Floating-Point Audio Library Extension

chipaudette

Well-known member
Hi All,

Because I find it so much easier to code algorithms using floating-point operations (vs fixed-point), and because the Teensy 3.6 is so dang fast with floating-point math, I've extended the Teensy Audio Library to enable floating-point operations.

I tried to follow the structure and conventions of the Teensy Audio Library as my understanding allowed. But, as we know, the assumption of Int16 data is deeply entwined with the foundational structures of the Teensy Audio Library. But, through adding parallel classes and through inheritance, I was able to make floating-point objects that play nicely within the Teensy Audio Library world.

LibraryExtension.png

For more info, you can see my post here: http://openaudio.blogspot.com/2016/12/extending-teensy-audio-library-for.html.

My github repo for this library is here: https://github.com/chipaudette/OpenAudio_ArduinoLibrary

My next steps are to continue to add processing blocks.
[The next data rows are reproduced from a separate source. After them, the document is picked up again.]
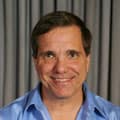 Dr. Joseph William Desiato, MD - Lawrence, MA - Pediatrics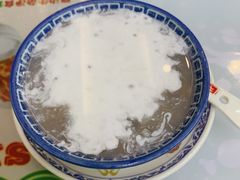 -七爷清汤腩(中心南路店)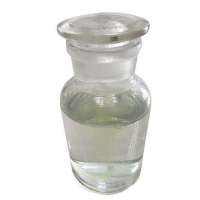 ISO Manufacture 99% Isopropyl alcohol with best price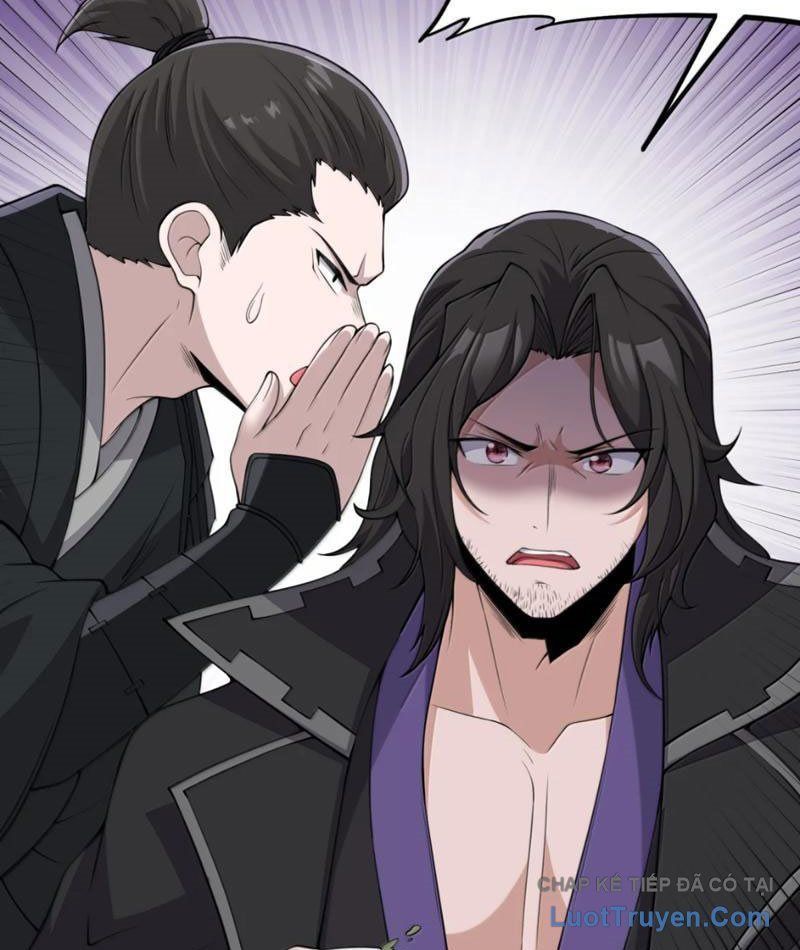Thuật Sĩ Luyện Kim Tà Ác Không Giải Quyết Được Vật Thí Nghiệm Của Mình Chapter 67 - 114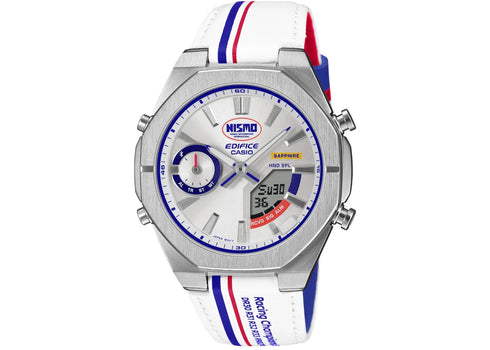 Casio Edifice ECB-S10NIS-7A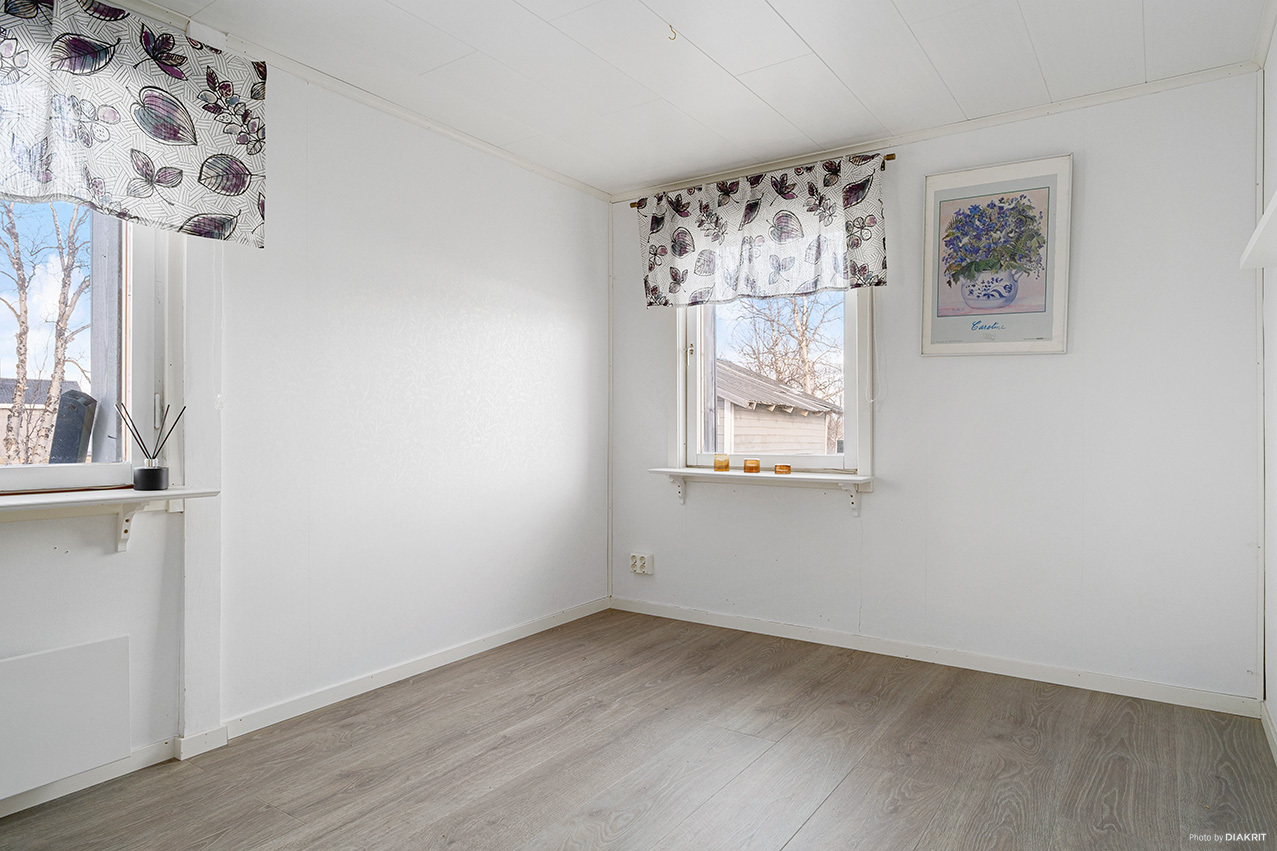 Fjällnäs 1047 – bild 8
Right now, besides all of the new code that handles all the plumbing, the only audio processing block in the library is a simple gain block. I've got a block that does dynamic range compression almost complete. Then I'll do a filtering block, followed by moving to frequency domain methods.

I'd very much appreciate any comments or feedback as to how I could improve or refine my approach for enabling floating-point processing on top of the Teensy Audio Library structure. I'd love to make it better!

Chip
 
Chip, that´s a brilliant idea! There are several things that were impossible to do in fixed point, but are now doable in floating point, so it´s a logic development. I will try your lib in the next days.

I would really like to offer to contribute, but my programming skills are not very bright when it comes to the implementation of those modules for the audio lib . . . however this will probably be a longer lasting effort. So maybe in the course of the project I can contribute small snippets of code to the floating point lib.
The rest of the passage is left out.